Facing Elimination, the Houston Astros Find Their Bats
ATLANTA — Adam Duvall swung and the baseball sailed high and deep and, surely, toward the history books. The 43,122 Atlanta fans filling Truist Park, early arrivals and in the mood to party with a clinching World Series win within reach, exploded into a raucous din. They believed the grand slam, only the 21st in World Series history, signaled their divine right to celebrate.
It was the first inning.
The Houston Astros are here for a reason, too, although they hadn’t exhibited it much lately. But they finally found their offensive groove just when they needed it, facing elimination in Game 5. A shake-up in the lineup and a big day by a light-hitting catcher produced a series-saving 9-5 victory for the Astros.

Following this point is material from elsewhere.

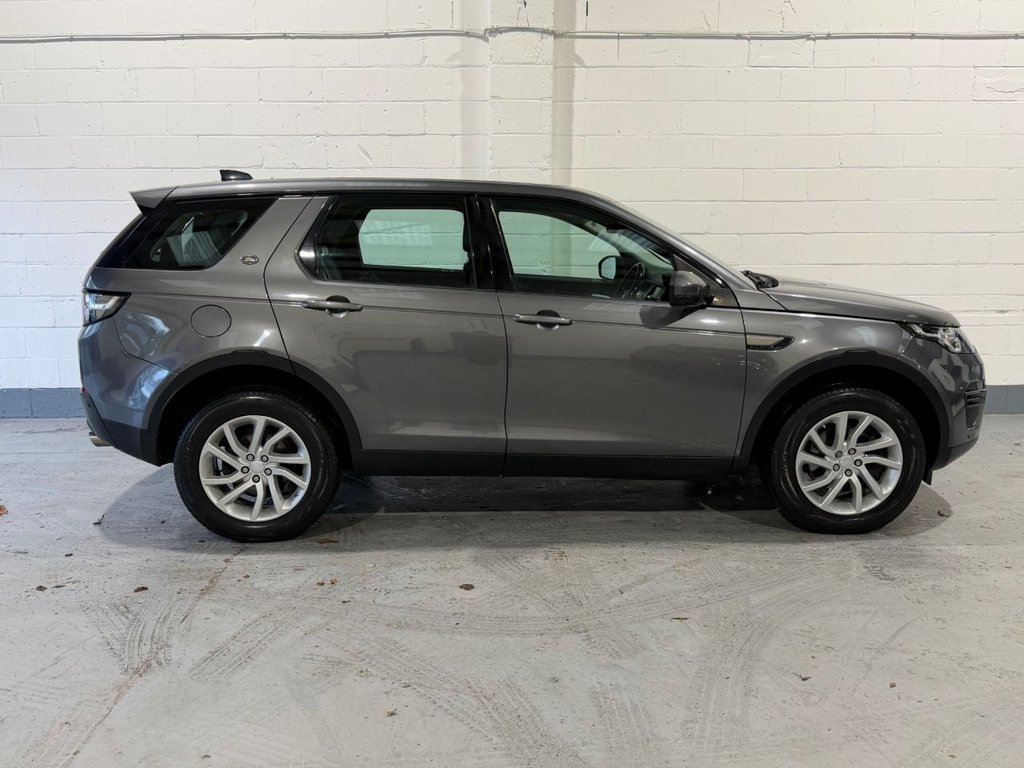 Used Land Rover Discovery Sport 2017 for sale - 78181898: Photo 6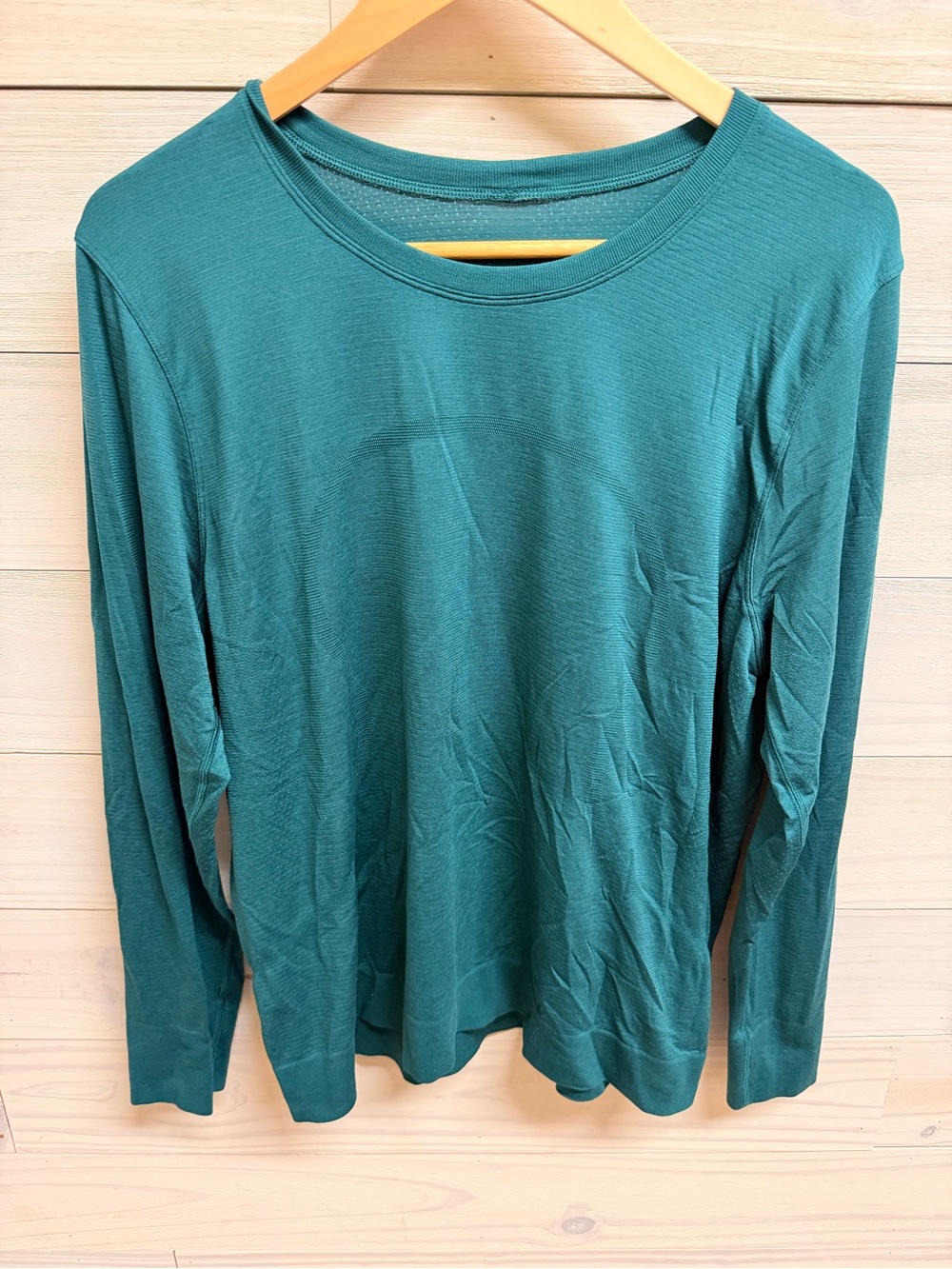 lululemon athletica Long Sleeve Crew Neck Tee - Teal Green size 12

It had been a tough few days for the Astros. They hadn’t played in Atlanta since 2017 and, because of cold and rainy conditions, not only was their planned workout on Thursday evening canceled, but pregame on-field batting practice before Games 3 and 4 were wiped out, too. So the only time the Astros were on the unfamiliar field was during the games themselves.
Offensively, it showed. They scored only two runs over the first 18 innings here, losing games 2-0 and 3-2 and having a terrible time throughout. Including the games in Houston, the Astros were 4 for 31 with runners in scoring position in the series.
But Manager Dusty Baker stubbornly said “I believe in miracles” before Game 5 and, while perhaps the comeback his team was facing might not quite qualify, maybe he was onto something given the futility with runners in scoring position. Houston had left 17 runners on base during the first two games in Atlanta.
One fact Baker cited before Game 5 was that as recently as the 2016 World Series, the Chicago Cubs trailed Cleveland three games to one but came back to win the title.
Houston’s offense woke up, finally, on Sunday when the skies cleared and the area dried. The Astros scheduled some early work on the field for midafternoon, before Atlanta’s batting practice session. Whether that alone brought change, or whether the Astros’ hitters are simply too good to be held down for long, things changed dramatically in Game 5.
Down by 4-0 early, Houston scratched across two runs in the second when Yuli Gurriel drove a one-out single to center, Kyle Tucker walked and Alex Bregman, struggling so badly that Baker dropped him to seventh in the lineup, knocked an R.B.I. double. Tucker then scored on catcher Martín Maldonado’s fly ball to center field.
It was a beginning. The Astros tied it, 4-4, with two more runs in the third. Atlanta shortstop Dansby Swanson booted a ground ball to give Houston a start there. Then the Astros shook off a Freddie Freeman homer that briefly put Atlanta on top, 5-4, by scoring three more times in the fifth. Carlos Correa and Yuli Gurriel rapped base hits, Bregman was intentionally walked with two outs and first base open and Maldonado, again, followed by working a clutch, bases-loaded walk against Atlanta reliever A.J. Minter.
Maldonado, the defensive stalwart at catcher who typically contributes little offensively, had drawn just one walk in 47 plate appearances this postseason at the time. But on a night when Houston was desperate for help from all corners of its roster, Maldonado stepped up. The player who finished with the worst batting average during the regular season of all big league catchers with at least 400 plate appearances (.172) finished with three R.B.I., the third coming on a base hit in the seventh two batters after a Tucker double.
Correa chipped in an R.B.I. single in the eighth that was an unnecessary, but welcome, insurance run.
It all wiped out the Duvall grand slam that so many here figured was a sure sign that Atlanta was going to clinch its first World Series title since 1995. It was the first World Series grand slam in the first inning since the Yankees’ Bobby Richardson hit one in the 1960 World Series.
That, and the fact that Atlanta was a perfect 7-0 at home this postseason, seemed to be premonitions for a big celebration in this town overnight Sunday. Instead, the World Series now will move back to Houston for Game 6 on Tuesday night, with the Astros’ offense showing signs of life and at least some indication that, perhaps, there may be a long way to go yet in this series.